---- DATA LISTING

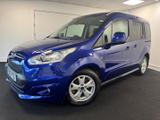 Ford Tourneo Connect Photo 0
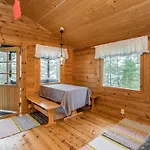 Joutsen By Interhome Feriehus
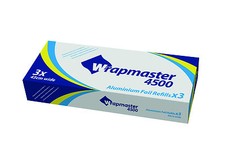 Wrapmaster 4500 Foglio 18"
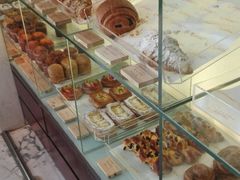 -西点坊(浦东香格里拉店)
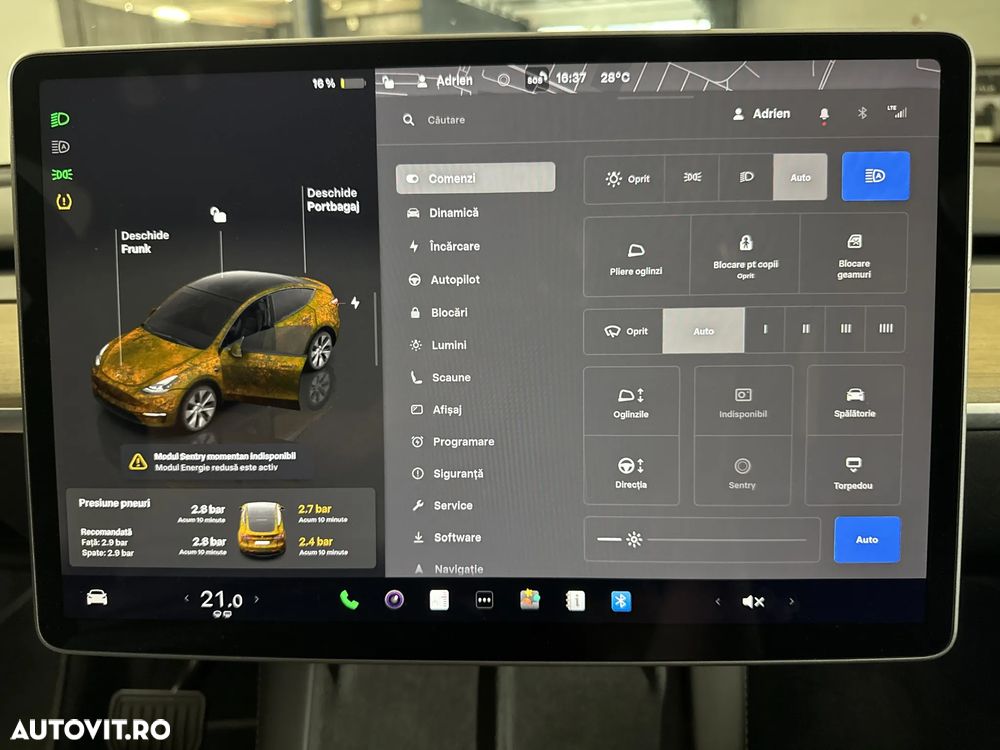 Tesla Model Y - 18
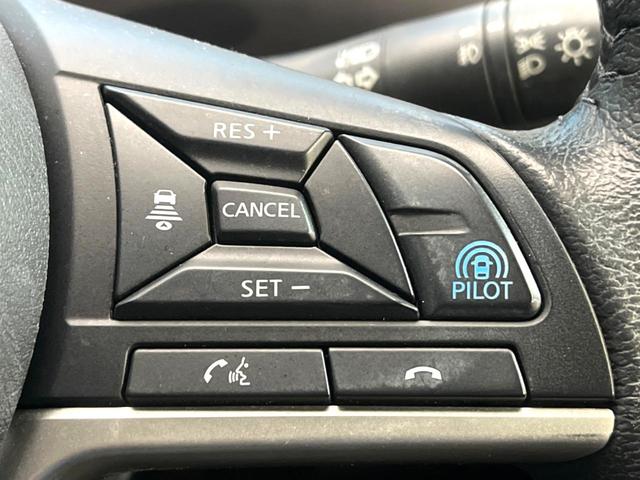 セレナ ハイウェイスターＶ　禁煙車　ディスプレイオーディオ　両側電動スライドドア　フリップダウンモニター　全周囲カメラ　プロパイロット　ブラインドスポットモニター　レーダークルーズ　ＬＥＤヘッド　ドラレコ　ＥＴＣ（49枚目）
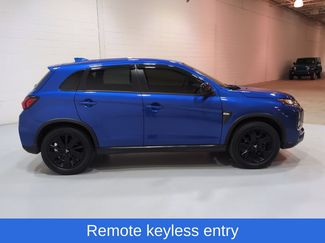Used 2023 Mitsubishi Outlander Sport LE AWD/4WD video 2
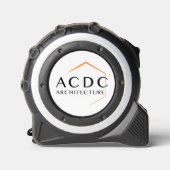 Meterband In Ihren Projekten engagiert Maßband (Vorderseite)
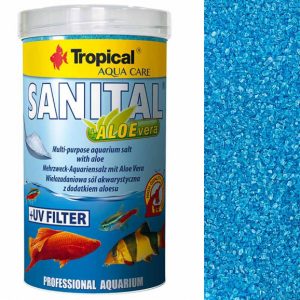 Tropical SANITAL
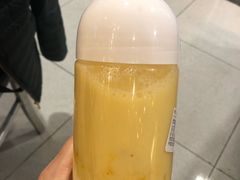 -兰熊鲜奶(西直门凯德mall店)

--------

EXERCISE BRIEF
Please transcribe exactly the line containing "Joutsen By Interhome Feriehus" and every later line through the end of the records above, omitting pictures.

YOUR RESPONSE
 Joutsen By Interhome Feriehus
 Wrapmaster 4500 Foglio 18"
 -西点坊(浦东香格里拉店)
 Tesla Model Y - 18
 セレナ ハイウェイスターＶ　禁煙車　ディスプレイオーディオ　両側電動スライドドア　フリップダウンモニター　全周囲カメラ　プロパイロット　ブラインドスポットモニター　レーダークルーズ　ＬＥＤヘッド　ドラレコ　ＥＴＣ（49枚目）
Used 2023 Mitsubishi Outlander Sport LE AWD/4WD video 2
 Meterband In Ihren Projekten engagiert Maßband (Vorderseite)
 Tropical SANITAL
 -兰熊鲜奶(西直门凯德mall店)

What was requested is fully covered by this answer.